To install Ora2pg, we need to configure the Oracle instant client, Comprehensive Perl Archive Network (CPAN), Perl-DBI module, Perl-YAML module, and the PostgreSQL client (for testing the psql connection). To set these up, we provide scripts. These scripts also create a schema, a user, and a role in the PostgreSQL database.

Download the Oracle instant client .rpm files from rhw Instant Client Downloads for Linux x86-64 (64-bit) page. The download process requires you to log in to your own OTN network. The files to download are oracle-instantclient11.2-basic-11.2.0.4.0-1.x86_64.rpm, oracle-instantclient11.2-sqlplus-11.2.0.4.0-1.x86_64.rpm, and oracle-instantclient11.2-devel-11.2.0.4.0-1.x86_64.rpm. Make sure that you are downloading the 11.2.0.4 version .rpm files.

For this configuration, do the following:

  1. Copy the Oracle client .rpm files to the /tmp directory of the second Amazon EC2 instance that was created using the CloudFormation template. You can get the second EC2 instance’s public DNS value by referring to the preceding template output table’s key EC2InstanceForOra2PgPublicDNS.
  2. Follow the instructions listed in AWS CLI Getting Started to configure the AWS CLI using the aws configure The user for this configuration needs to be set as ec2-user.
    [ec2-user@ip-172-31-2-77 tmp]$ aws configure
    AWS Access Key ID [None]: XXXXXXXXXXXXXXXXXXXXX
    AWS Secret Access Key [None]: xxxxxxxxxxxxxxxxxxxxxxxxx
    Default region name [None]: us-east-1
    Default output format [None]:
  3. Download the Ora2pg configuration scripts from Amazon S3. The script names are setting_ora2pg_host_step1.sh and setting_ora2pg_host_step2.sh. The setting_ora2pg_host_step1.sh. The setting_ora2pg_host_step1.sh script installs Oracle 11.2 client .rpm files, sets up Oracle environment variables, and installs the PERL-CPAN repository, Perl Database Interface (PERL-DBI), Perl-Yaml module, PostgreSQL client, and Perl DBD::Pg module. These are required for successful configuration of Ora2pg software. The setting_ora2pg_host_step2.sh script downloads and installs Ora2pg version 18.1 from GitHub. It then checks the database connections to source and target, creates Ora2pg configuration files for each table, and generates the target schema structure. It creates a user and a role, and it creates a schema structure in the target RDS for PostgreSQL database. It then gets the latest Oracle system change number (SCN) and converts it into Unix time in milliseconds. Unix time is used for the CDC start time value when you create DMS tasks. Finally, the script initiates the copy of the source RDS for Oracle table’s data into the target RDS for PostgreSQL database.
    As the ec2-user user, run the following commands to download two scripts to configure the Ora2pg tool.

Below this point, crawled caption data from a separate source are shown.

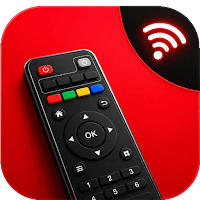 Иконка Remote for x96 mini Tv Box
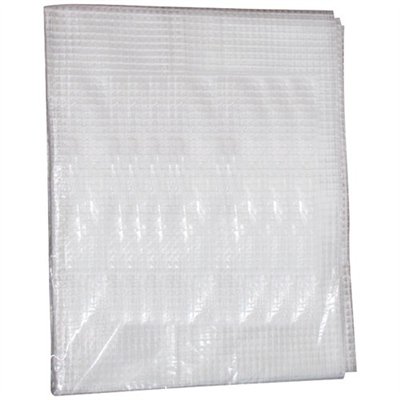 CORDERIE TOURNONAISE - Bache translucide armée 4x6m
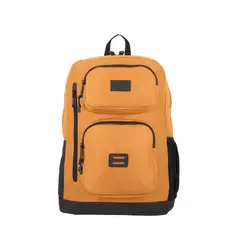 SAMSONITE - Morral Xtrem Jersey 356 Café 15.6 Pulgadas Para Laptop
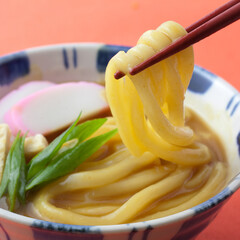 カレーうどん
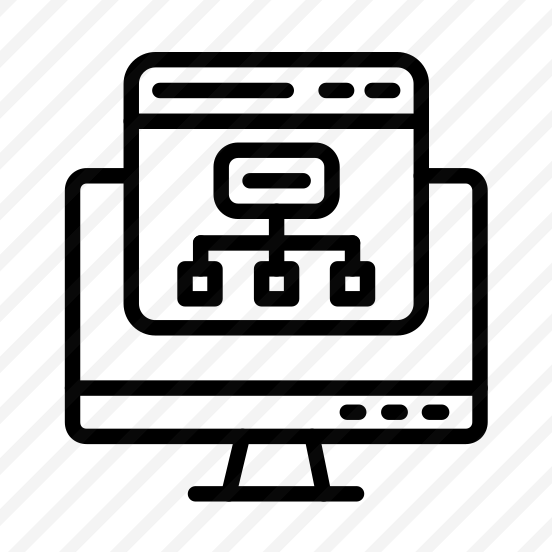 Sitemap,website,seo And Web,browser,site Map preview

    cd; aws s3 cp s3://aws-bigdata-blog/artifacts/awsora2pgblogfiles/data-loading/scripts/setting_ora2pg_host_step1.sh . 
    cd; aws s3 cp s3://aws-bigdata-blog/artifacts/awsora2pgblogfiles/data-loading/scripts/setting_ora2pg_host_step2.sh .
  4. Execute the first script using the following command, passing these parameters to the script:
    • The RDS for Oracle database endpoint that was created preceding. Get this value from the output section of the first CloudFormation template.
    • The Amazon RDS for Oracle DB name that was selected as part of the RDS for Oracle database restore.
    cd; 
    chmod 755 setting_ora2pg_host_step1.sh
    ./setting_ora2pg_host_step1.sh <RDS_ORACLE_END_POINT> <ORA_DB_NAME> 

    Following is an example:

    ./setting_ora2pg_host_step1.sh awsorains.xxxxxxxxxxxx.us-east-1.rds.amazonaws.com AWSORA

    Modify awsorains.xxxxxxxxxxxx.us-east-1.rds.amazonaws.com to be the correct RDS for Oracle endpoint.

  5. Get the CPAN Test::More, DBD::Pg, and DBD::Oracle modules and install and compile them as described following. The DBD::Oracle and DBD::Pg modules are Perl modules that work with the database interface (DBI) to provide access to the source RDS for Oracle instance and target RDS for PostgreSQL instance. You need Test::More for successful installation of Oracle and Pg modules. To install and compile these modules, run the following commands:
    1. Run this command at the Unix shell prompt: cpan. The first time that you run the cpan command, you’re prompted to answer a few questions. Just accept the default values by pressing the Enter key on your keyboard. When cpan is set up, it takes you to the cpan shell. At the cpan shell, run this command:
      look Test::More

      This command installs the Test::More module, needed for successful installation of the DBD::Pg and DBD::Oracle After this command runs successfully, it exits from the cpan shell and takes you to the Unix shell prompt. At that prompt, run the following commands to build the module:

      perl Makefile.PL
      sudo make
      sudo make install
      

      When these commands are complete, exit from the shell by running the exit command as many times as needed, until you fully exit the cpan shell.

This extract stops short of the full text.